La guida del nostro gruppo ci ha raccontato il suo percorso, tipico dell’ex Ddr. All’inizio degli anni ’80 decide di fuggire con un amico: non credono nel sistema comunista che governa il loro paese. Fingono una vacanza in Bulgaria per poi tentare di superare la frontiera con la Grecia, e raggiungere così il “mondo libero”. Ma la frontiera è ben custodita e i due amici si fanno prendere.


La polizia politica, la Stasi (abbreviazione di Staatsicherheit) viene in Bulgaria a prenderli, li rimpatria a Berlino per poi rinchiuderli nella prigione di Hohenschönenhausen. La mia guida trascorre cinque mesi in questo luogo lugubre, dove migliaia di persone sono state torturate e sono morte. Persone che, proprio come lui, non avevano commesso alcun reato, a parte voler fuggire. In seguito lo trasferiscono in un altro carcere per due anni, prima di venir venduto alla Germania Ovest in cambio di valuta, indispensabile al governo della Germania Est per procurarsi beni introvabili nel mondo comunista.


Mentre ascoltavo la sua storia ho avuto un’illuminazione: i tedeschi hanno un atteggiamento diverso rispetto a noi svizzeri nei confronti dei rifugiati perché capiscono cosa li spinge a fuggire. Sanno che si può trovare la repressione insopportabile al punto di voler abbandonare tutto, la famiglia, la rassicurante routine quotidiana, per affrontare l’ignoto con la speranza di una vita migliore. I tedeschi capiscono che i rifugiati non sono degli esseri umani diversi da noi: a volte sono talmente simili a noi che parlano la nostra stessa lingua e la loro unica colpa è vivere dal lato sbagliato della frontiera.


Sono rimasta colpita nel vedere, a Berlino, numerosi luoghi dove volontari raccolgono cibo, vestiti e soldi in favore dei rifugiati.

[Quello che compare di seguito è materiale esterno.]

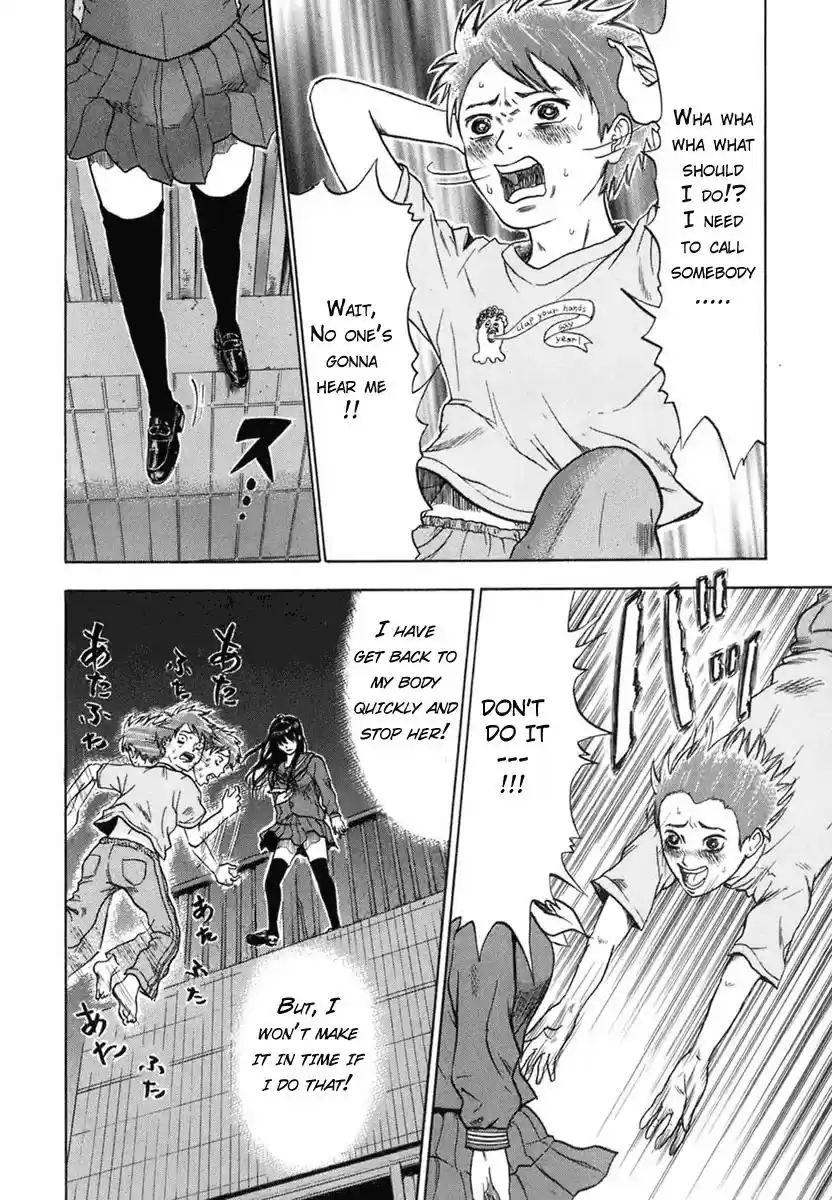 Yuutai Nova Chapter 1.2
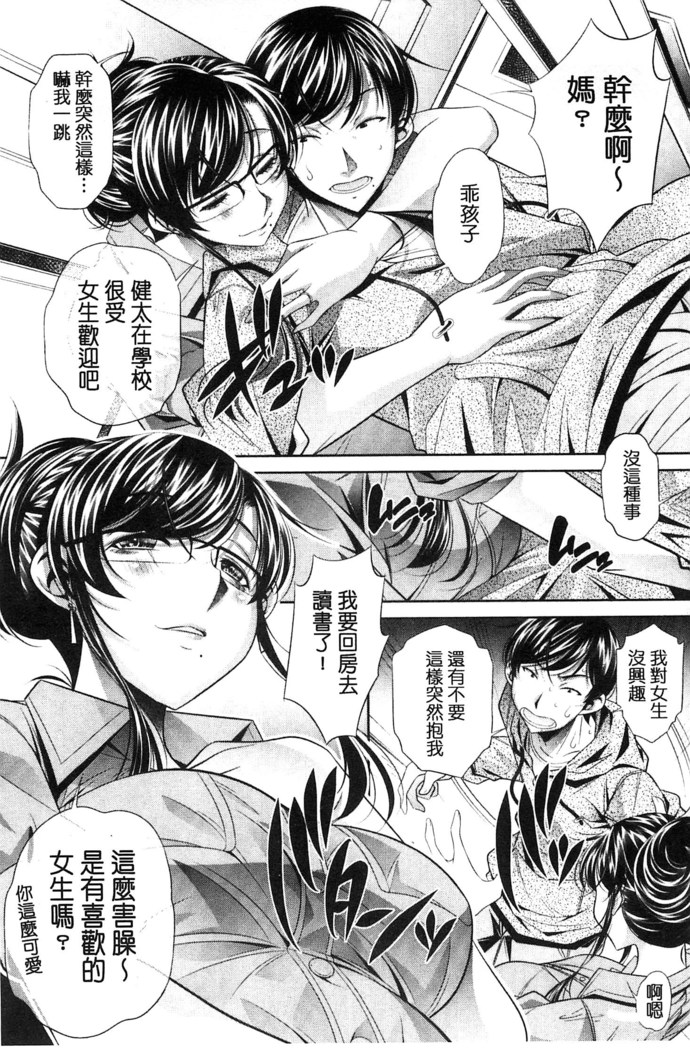 陵妻姦母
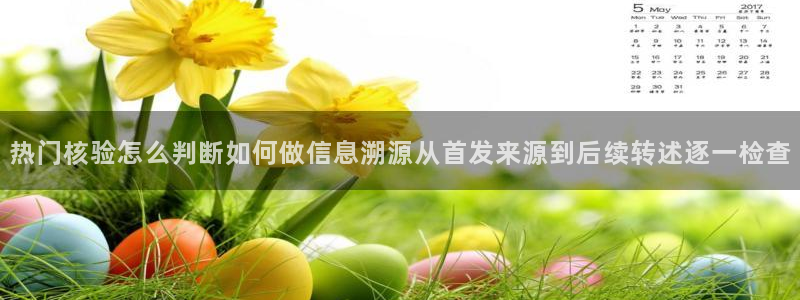 吃瓜真相今日更新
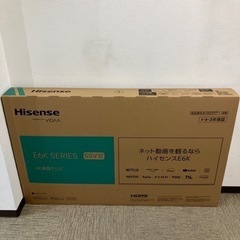 【商談中】Hisense ハイセンス  55V型 55E6K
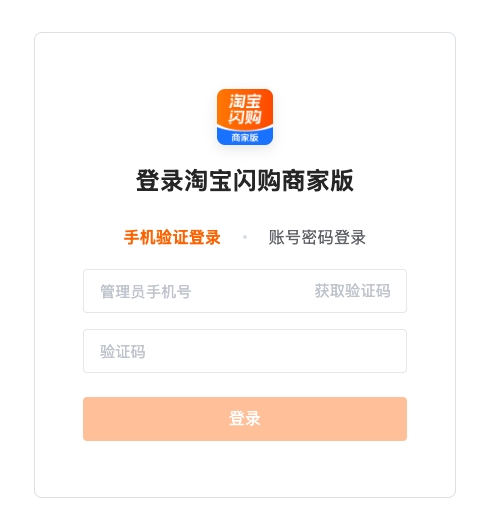 登录淘宝闪购商家版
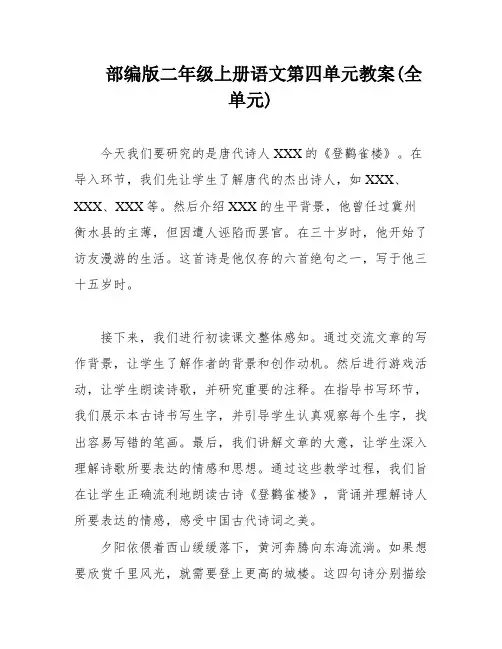 部编版二年级上册语文第四单元教案(全单元)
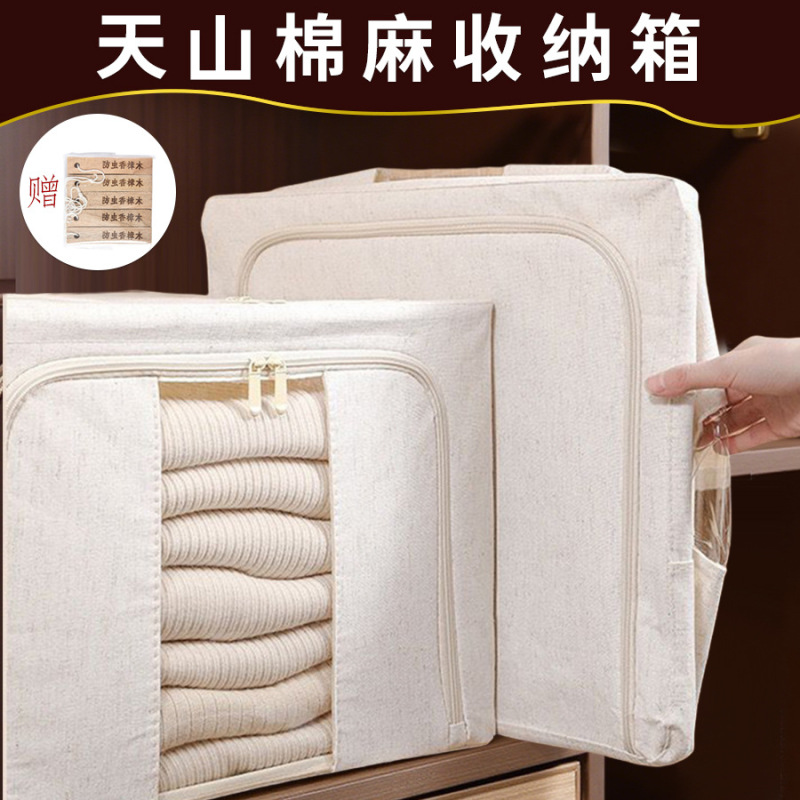 天山棉麻收纳箱PP板可水洗折叠百纳箱布艺玩具被子整理衣服收纳箱|undefined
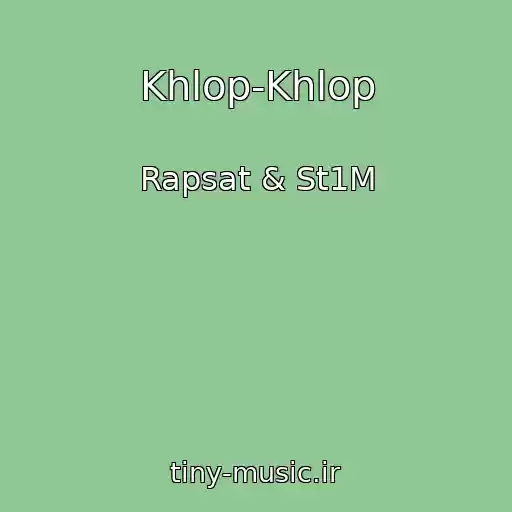 کاور آهنگ Khlop-Khlop از Rapsat & St1M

Gran parte della popolazione s’impegna concretamente in questo sforzo di solidarietà, anche se naturalmente la politica di accoglienza suscita pure delle critiche.
Ciò che molti tedeschi hanno capito, noi svizzeri non lo abbiamo ancora realizzato. Non abbiamo vissuto la Seconda Guerra Mondiale e nemmeno il comunismo. Non abbiamo dovuto, nella storia recente del nostro paese, tentare la fuga per raggiungere “il mondo libero”. Fortunatamente. Ma questo ci deve impedire di essere accoglienti e mostrare umanità nei confronti dei rifugiati?